In the most recent round of EFTA negotiations that were held in Delhi from January 8-13, media reports suggest that officials from both delegations have moved closer to a deal.
“Balanced solutions”

Swiss Economy Minister Guy Parmelin, who heads the EFTA, posted on X last month after he flew to India on a “last-minute” invitation of India’s Commerce Minister Piyush Goel for negotiations on the TEPA, following which they had reached “balanced solutions” to concerns around the agreement.

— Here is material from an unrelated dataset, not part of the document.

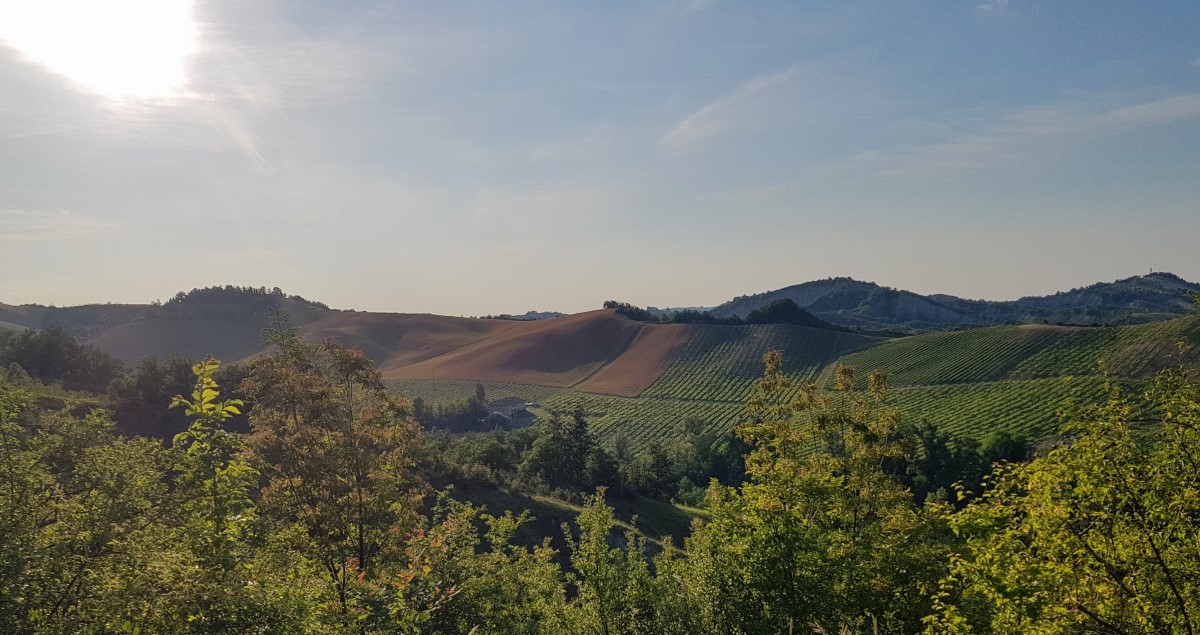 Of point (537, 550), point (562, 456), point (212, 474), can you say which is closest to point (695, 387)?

While details of these solutions are not public, intellectual property (IPR) concerns are a major sticking point. In an interview to The Hindu in December, Helene Budliger Artieda, Swiss Director of the State Secretariat for Economic Affairs (SECO), and Norwegian Trade Minister Jan Christian Vestre said Minister Goyal had been told that securing the “best possible deal in IPR was a ‘bread and butter issue’“ for EFTA countries. “At this stage we do not wish to comment on the ongoing negotiations. We hope for the agreement to be concluded as soon as possible,” a spokesperson for the Norwegian Embassy told The Hindu.

Patented drugs give exclusive marketing rights to the inventor, or whoever files for the patent first, for 20 years. This has often resulted in essential drugs and medicines being unaffordable in several countries, including in India. Under internationally accepted provisions of compulsory licensing, Indian law allows drug maker to reverse-engineer and sell generic, or copy-cat versions of the drug, after only three years of it being patented in India. This is provided if there is a convincing case that the drug is necessary and unavailable to those who need it because it is too expensive.
‘Data exclusivity’

However this conflict between original inventors of drugs — several of whom have been European pharmaceutical giants — and Indian drug manufacturers, who have largely grown on reverse-engineering these drugs, has frequently played out as contentious litigation. Discovering effective drugs is expensive and time-consuming and pharma companies in the business of drug discovery, have moved to extend the period over which they can claim exclusive rights, and thus profitability, over their most valuable drugs. While claiming new methods of manufacture and furnishing new combinations of the underlying active chemical ingredient of a blockbuster drug are the familiar approach to extend such patentability, an emerging approach is in claiming ‘data exclusivity.’

That means all the data generated during testing the safety and efficacy of a drug — an expensive and time-consuming process — and that usually becomes public knowledge, becomes exclusive to the company. This means the current practice, whereby generic drug makers make a copy-cat, establish that it’s for all practical purposes the same drug and rely on the published clinical trial data to prove that it is safe and effective, ceases to be legal.

This could, say experts, even extend to drugs that have not been patented in India and require generic manufacturers to either wait out the exclusivity period or repeat expensive clinical trials.

For instance, Colchicine, a traditional medicine used for gout saw its price rise by 5000% in the United States after one company was granted data exclusivity rights blocking other companies’ rights to manufacture it.

“Over the last two decades, the fact that India did not have data exclusivity in its law facilitated the affordable entry of new drugs for HIV, tuberculosis (TB) and viral hepatitis, which we have been able to use to treat people in our care. Implementing data exclusivity now has the potential to jeopardise access to essential drugs in general, as well as to delay the approval of generic versions of newer medicines, such as paediatric formulations for new TB drugs for which patents have expired,” said Leena Menghaney, Global IP Adviser, Médecins Sans Frontières (MSF), and an expert on intellectual property laws governing drugs.

The India EFTA text is a broad-ranging agreement that is being negotiated between India and the four countries since 2008 to increase investment by these countries in India and reduce tariffs, on a range of exports from these countries.